- _Brief_:
The whole listing should be retyped word for word, apart from the pictures it holds.

- _Raw data_:

:::

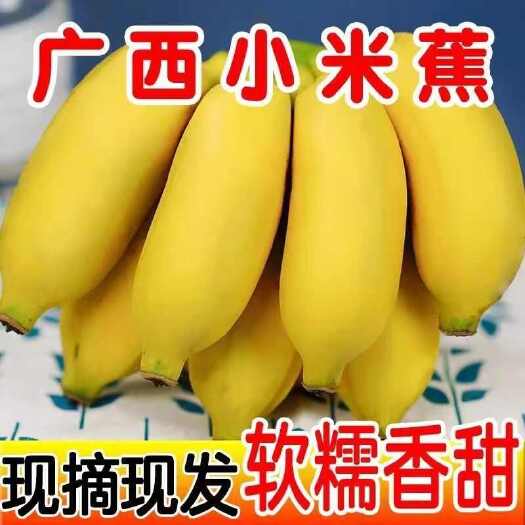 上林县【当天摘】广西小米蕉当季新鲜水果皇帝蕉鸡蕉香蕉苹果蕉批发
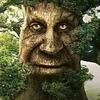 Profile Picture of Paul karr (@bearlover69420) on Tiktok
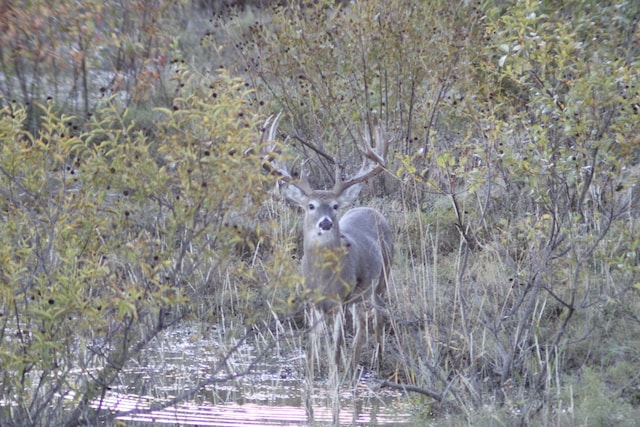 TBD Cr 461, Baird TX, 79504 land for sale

:::

- _Response to the task_:
 上林县【当天摘】广西小米蕉当季新鲜水果皇帝蕉鸡蕉香蕉苹果蕉批发
 Profile Picture of Paul karr (@bearlover69420) on Tiktok
 TBD Cr 461, Baird TX, 79504 land for sale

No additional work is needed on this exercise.